Beatrice et Pascal Lambert

France · Loire · Chinon

On the 17 hectares, Beatrice et Pascal Lambert is producing wine from only two different grapes, Cabernet franc for the reds (15 hectares) and Chenin Blanc for the whites (2 hectares). With his wife Béatrice, Pascal is working Biodynamically since 2005 it took him 10 years to “renovate” all his vines to be the cleanest, growing with the best conditions, in respect of the nature.

 Healthy vines with more biodiversity are for Pascal the way that makes most sense in order to get the best potential from the vines producing qualitative grapes hence giving us quality wines. All worked in the field is by horse, the soil is diverse and the richness of minerals is quite high, in fact all of the different cuvées are produced on a specific soil type.
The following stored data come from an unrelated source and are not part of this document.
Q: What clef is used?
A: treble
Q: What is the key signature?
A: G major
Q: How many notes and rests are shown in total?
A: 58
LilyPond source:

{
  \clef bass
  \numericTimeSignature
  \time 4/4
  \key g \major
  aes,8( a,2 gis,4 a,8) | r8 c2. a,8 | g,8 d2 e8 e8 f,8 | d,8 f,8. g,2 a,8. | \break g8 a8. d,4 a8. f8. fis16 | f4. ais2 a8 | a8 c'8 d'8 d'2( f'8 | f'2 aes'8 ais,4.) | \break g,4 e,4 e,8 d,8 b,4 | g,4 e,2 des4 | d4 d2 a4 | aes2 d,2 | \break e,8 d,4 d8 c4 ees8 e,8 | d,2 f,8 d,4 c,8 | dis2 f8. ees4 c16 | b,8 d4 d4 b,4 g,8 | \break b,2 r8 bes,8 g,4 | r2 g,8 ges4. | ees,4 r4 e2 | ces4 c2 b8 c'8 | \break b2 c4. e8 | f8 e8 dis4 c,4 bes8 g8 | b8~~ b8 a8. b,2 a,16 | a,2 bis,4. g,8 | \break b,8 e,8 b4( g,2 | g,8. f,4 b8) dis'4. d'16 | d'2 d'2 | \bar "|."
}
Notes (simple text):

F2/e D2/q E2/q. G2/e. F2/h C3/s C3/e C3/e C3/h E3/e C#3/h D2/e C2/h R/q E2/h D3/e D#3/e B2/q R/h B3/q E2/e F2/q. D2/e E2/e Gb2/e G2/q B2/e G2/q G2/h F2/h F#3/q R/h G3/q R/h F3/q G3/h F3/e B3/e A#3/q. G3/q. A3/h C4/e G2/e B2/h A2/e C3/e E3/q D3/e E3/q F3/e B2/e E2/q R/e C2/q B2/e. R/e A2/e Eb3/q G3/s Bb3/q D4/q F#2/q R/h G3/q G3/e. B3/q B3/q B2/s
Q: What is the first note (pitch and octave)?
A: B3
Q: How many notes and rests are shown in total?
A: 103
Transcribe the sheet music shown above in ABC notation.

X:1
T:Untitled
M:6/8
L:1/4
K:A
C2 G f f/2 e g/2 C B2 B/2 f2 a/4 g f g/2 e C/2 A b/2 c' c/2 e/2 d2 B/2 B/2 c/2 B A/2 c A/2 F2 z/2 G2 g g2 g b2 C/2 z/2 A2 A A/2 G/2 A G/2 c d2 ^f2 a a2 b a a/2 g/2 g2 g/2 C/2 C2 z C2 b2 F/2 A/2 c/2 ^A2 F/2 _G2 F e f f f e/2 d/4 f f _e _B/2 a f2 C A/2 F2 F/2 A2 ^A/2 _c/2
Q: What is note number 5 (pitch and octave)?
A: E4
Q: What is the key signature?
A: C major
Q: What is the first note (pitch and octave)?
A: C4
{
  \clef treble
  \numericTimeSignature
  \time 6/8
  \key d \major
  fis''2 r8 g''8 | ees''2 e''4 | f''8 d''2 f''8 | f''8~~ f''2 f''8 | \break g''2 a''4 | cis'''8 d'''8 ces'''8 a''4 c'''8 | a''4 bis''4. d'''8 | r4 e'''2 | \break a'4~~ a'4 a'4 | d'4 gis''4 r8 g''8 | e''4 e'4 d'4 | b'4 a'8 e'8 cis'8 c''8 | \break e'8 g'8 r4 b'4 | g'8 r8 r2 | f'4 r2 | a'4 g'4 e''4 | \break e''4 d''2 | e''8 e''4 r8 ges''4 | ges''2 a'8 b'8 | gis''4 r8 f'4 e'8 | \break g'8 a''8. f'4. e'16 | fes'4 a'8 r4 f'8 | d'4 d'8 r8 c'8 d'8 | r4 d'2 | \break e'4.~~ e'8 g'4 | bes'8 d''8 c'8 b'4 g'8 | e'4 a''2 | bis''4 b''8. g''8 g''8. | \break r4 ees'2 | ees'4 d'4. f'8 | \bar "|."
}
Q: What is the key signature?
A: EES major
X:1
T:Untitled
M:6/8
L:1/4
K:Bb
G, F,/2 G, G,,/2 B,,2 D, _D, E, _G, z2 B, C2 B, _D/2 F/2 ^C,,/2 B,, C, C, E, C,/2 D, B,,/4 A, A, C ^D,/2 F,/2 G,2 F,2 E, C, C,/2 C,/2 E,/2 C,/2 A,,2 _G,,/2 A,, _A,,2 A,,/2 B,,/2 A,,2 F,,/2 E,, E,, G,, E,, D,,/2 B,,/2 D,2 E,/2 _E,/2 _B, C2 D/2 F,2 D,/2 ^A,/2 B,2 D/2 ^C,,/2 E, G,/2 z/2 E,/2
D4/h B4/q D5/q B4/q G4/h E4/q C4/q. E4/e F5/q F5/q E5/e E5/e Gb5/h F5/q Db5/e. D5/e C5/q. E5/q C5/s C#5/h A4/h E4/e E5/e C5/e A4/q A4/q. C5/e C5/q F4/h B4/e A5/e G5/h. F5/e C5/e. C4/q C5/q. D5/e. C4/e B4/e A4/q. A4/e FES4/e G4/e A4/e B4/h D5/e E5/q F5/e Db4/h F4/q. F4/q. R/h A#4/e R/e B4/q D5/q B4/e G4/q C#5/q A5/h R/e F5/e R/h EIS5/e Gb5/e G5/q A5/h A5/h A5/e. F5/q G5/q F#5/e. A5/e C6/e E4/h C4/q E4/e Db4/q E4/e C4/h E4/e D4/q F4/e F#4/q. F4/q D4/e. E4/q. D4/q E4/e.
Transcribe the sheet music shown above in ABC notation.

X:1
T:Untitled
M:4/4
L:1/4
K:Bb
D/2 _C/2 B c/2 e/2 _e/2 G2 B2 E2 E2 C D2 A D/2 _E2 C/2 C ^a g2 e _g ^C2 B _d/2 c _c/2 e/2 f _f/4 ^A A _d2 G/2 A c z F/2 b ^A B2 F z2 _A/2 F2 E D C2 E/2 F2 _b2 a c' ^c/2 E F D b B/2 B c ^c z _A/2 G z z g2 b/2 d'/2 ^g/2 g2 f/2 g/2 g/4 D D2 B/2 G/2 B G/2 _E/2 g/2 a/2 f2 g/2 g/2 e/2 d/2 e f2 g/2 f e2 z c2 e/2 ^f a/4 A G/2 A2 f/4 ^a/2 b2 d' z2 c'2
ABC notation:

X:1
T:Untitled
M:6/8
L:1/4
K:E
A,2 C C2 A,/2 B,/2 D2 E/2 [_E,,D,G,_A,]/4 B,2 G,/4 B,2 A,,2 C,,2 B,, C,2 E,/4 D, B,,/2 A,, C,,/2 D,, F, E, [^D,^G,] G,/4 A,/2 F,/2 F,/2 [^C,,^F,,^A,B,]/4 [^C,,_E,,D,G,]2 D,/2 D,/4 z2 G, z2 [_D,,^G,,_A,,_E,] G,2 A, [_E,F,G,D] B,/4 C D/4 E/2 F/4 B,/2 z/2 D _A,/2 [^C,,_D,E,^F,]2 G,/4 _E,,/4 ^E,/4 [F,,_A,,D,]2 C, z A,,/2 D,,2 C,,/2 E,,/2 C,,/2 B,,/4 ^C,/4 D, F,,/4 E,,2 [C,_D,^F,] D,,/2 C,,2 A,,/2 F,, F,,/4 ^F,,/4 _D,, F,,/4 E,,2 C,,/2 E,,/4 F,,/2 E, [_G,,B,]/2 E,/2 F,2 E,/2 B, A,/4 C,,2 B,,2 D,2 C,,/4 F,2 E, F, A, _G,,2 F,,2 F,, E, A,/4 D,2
When you drink Pascal’s wines you get all subtlety and important part of the terroir you get what clay, chalk, gravel soil or silex bring to the wine, always with a high refinement.

Chinon is an important part of the more than 1000 km long Loire-vally. The area is placed about the middle of the vally between Tours in east and Saumur in west, with its 2300 ha vineyards. The rivers terraces are of grit and the hills that ladder to about a 100m consists of clay with respectively chalk or silex – ideal for terroir wines and Cabernet Franc.

Chinon is probably most known for is red Cebernet Franc-wine, there is however, also done some significant white wines on the grape Chenin Blanc.

The region’s most famous son, the 1500 century writer Rabelais, did a lot to promote the area and he described the white wines as “silklike”. However, today the Parisian gastronomic columnist and the Parisian restaurants seem to be stimulating the demand for these wines, which to a large degree is enjoyed within France’s boarders.